Ursprünglich sollte der Pastoralreferent eine Stelle in Wilhelmshaven erhalten. Doch es ging nach Wildeshausen. „Ein Glücksfall“, wie sich im Nachhinein herausstellte. Denn das Gemeindeleben hier ist vielfältig. „Damals hatten wir am Wochenende noch vier Gottesdienste; allein zwei Vorabendmessen am Samstag.“ Goldberg, seit 1. Oktober 1985 in der katholischen Gemeinde tätig, brachte sich stark in die Jugendarbeit ein. Es gab Zeltlager im Emsland, den Dritte-Welt-Laden und liturgische Nächte. „Beim ersten ökumenischen Kinderbibeltag kamen mehr als 200 Kinder ins Haus Burgberg“, erinnert er sich. Natürlich gehörten Katechese, Erstkommunion und die Begleitung der Firmlinge dazu. Zehn Jahre lang gab er auch Religionsunterricht an der Realschule. Er besuchte ältere Geburtstagskinder und an zwei Donnerstagen im Monat die Bewohner des Kreisaltenheims. Ebenso gehört Goldberg zu den Initiatoren des „Männertalks“ und der besonderen Filmauslese im „Lili-Servicekino“ in Zusammenarbeit mit dem Offizialat in Vechta.

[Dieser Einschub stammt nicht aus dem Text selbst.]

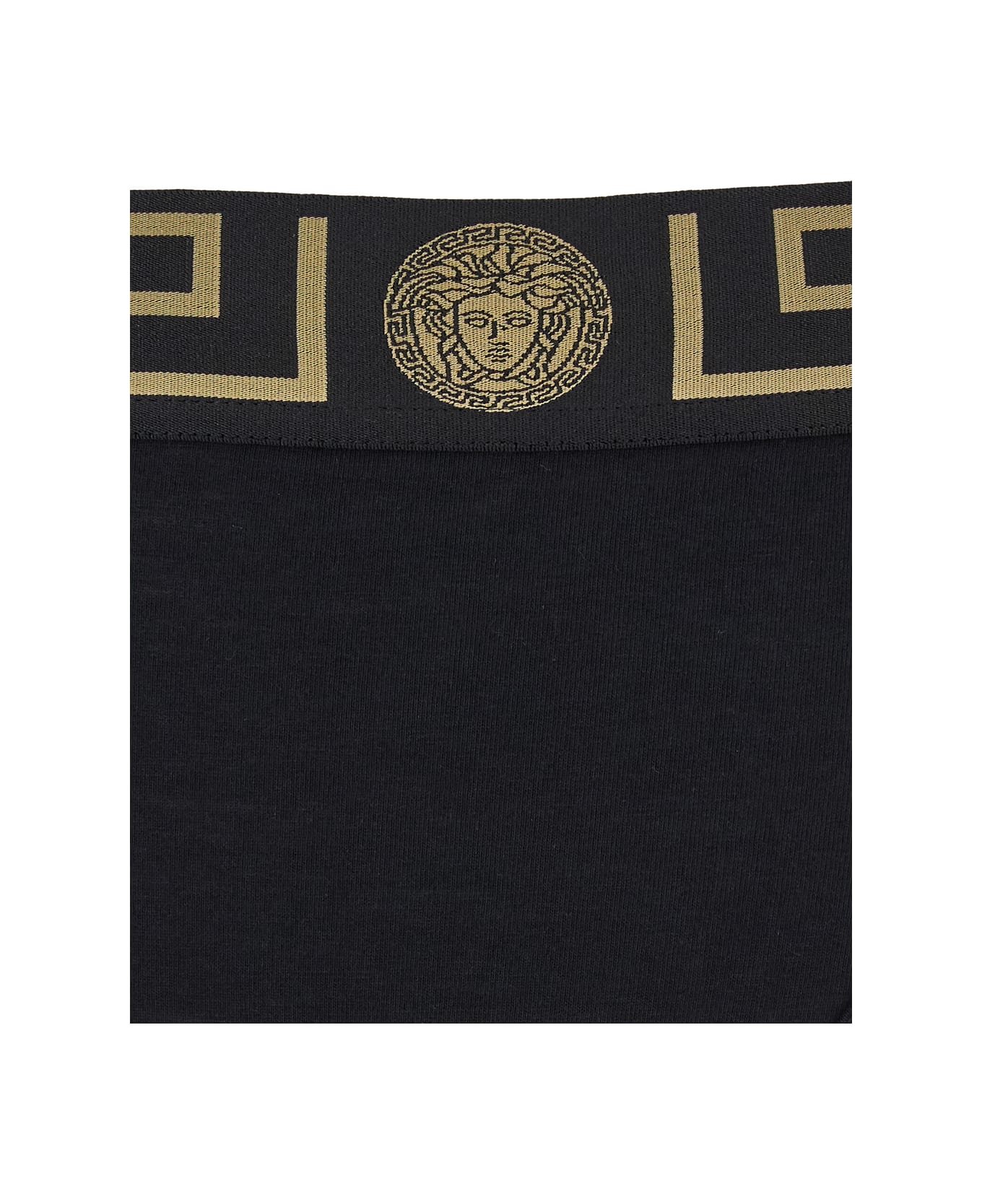 Versace Slip A Vita Alta Con Dettaglio Greca E Medusa In Cotone Stretch Nero Donna - Black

Nach dem Wechsel in den Ruhestand will Goldberg zunächst einmal mehr Zeit der Familie, darunter die neun Monate alte Enkelin Charlotte, und seinen Hobbys, wie Briefmarkensammeln oder Radfahren, widmen. Natürlich wolle er mit wachem Auge weiterhin die Entwicklung seiner Kirche verfolgen. „Wir müssen die Menschen abholen bei den Themen, die sie bewegen“, sagt Goldberg. Und der „Kümmerer für die Jugend“, wie er auch genannt wird, mahnt, den Nachwuchs nicht zu vernachlässigen. Die Stelle des Pastoralreferenten für die Kirchengemeinde St. Peter hat das Bistum ausgeschrieben.

Ganz loslassen mag Goldberg von seinen Projekten aber nicht. Am Samstag, 14. November, gibt es wieder den „Männer-Talk“. Der Gastredner ist Goldbergs Freund seit Jugendtagen: Matthias Selke.